Должна извиниться перед Вами, что так получилось! Предложение президента сначала смутило. Но это был интересный опыт для меня, поэтому согласилась. Я собираюсь выйти замуж и представляю, как будет выстроена моя жизнь дальше, поэтому меня не пугает перспектива увольнения.

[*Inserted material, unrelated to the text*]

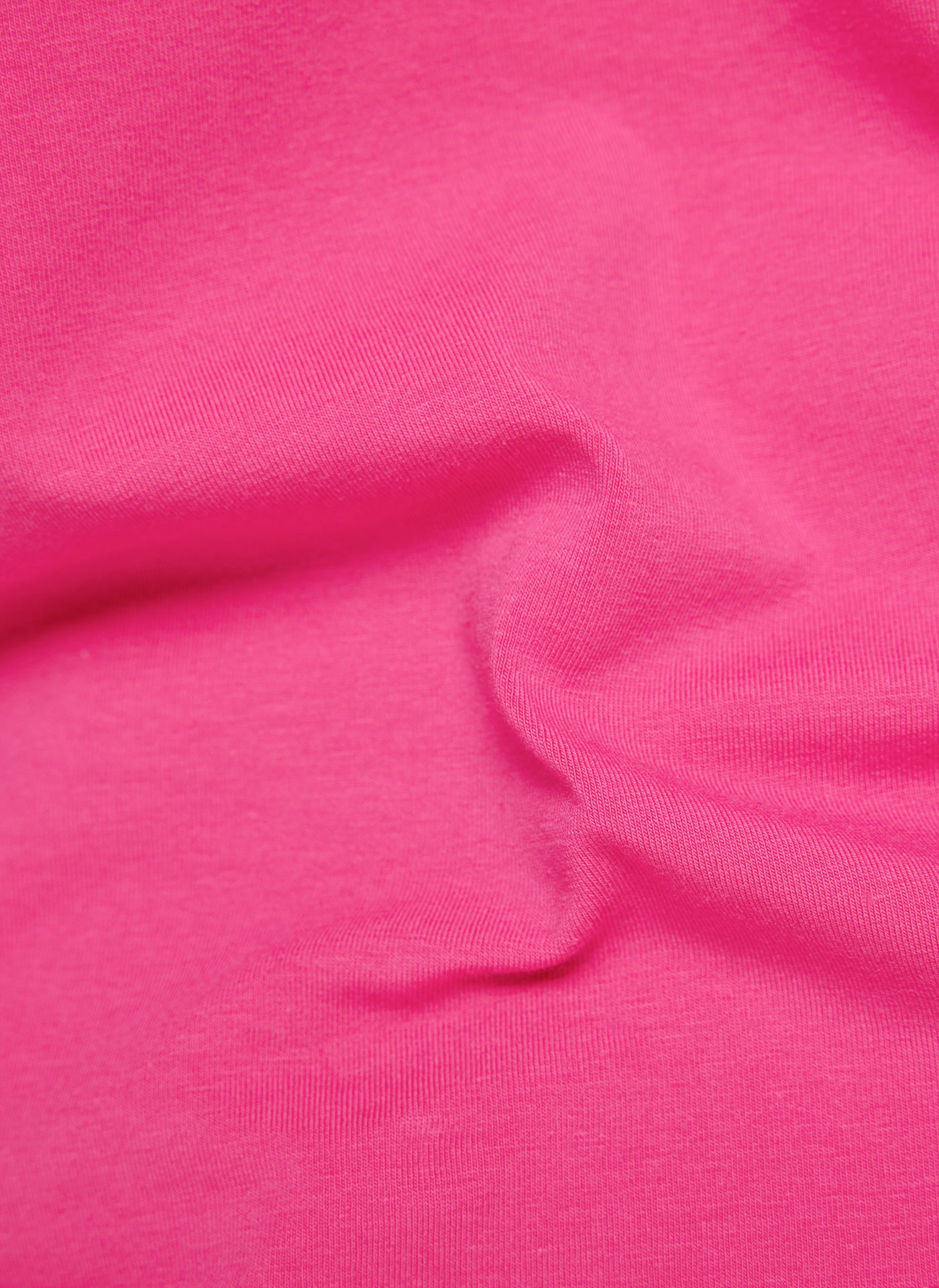 3/4 Armshirt - Purple Clouds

Никого не слушайте, езжайте спокойно, пусть все у Вас получится.
С уважением, Мария».
Минут десять не могла заставить себя написать фразу, где извиняюсь перед Димкой, горько смеялась своему выражению в зеркале, когда писала про замужество и будущую устроенную жизнь, да и с «уважением» было непросто. Но вот оно, готовое, лежит передо мной. Оставлю его здесь, подпишу его «Д.Б.».
Больше здесь меня ничего не держит…
Однако не смогла заставить себя пройти равнодушно мимо комнаты Димки. Дверь была приотворена. Так и хотелось посмотреть на него еще раз, как он там! Все ли в порядке? Не случилось ли чего?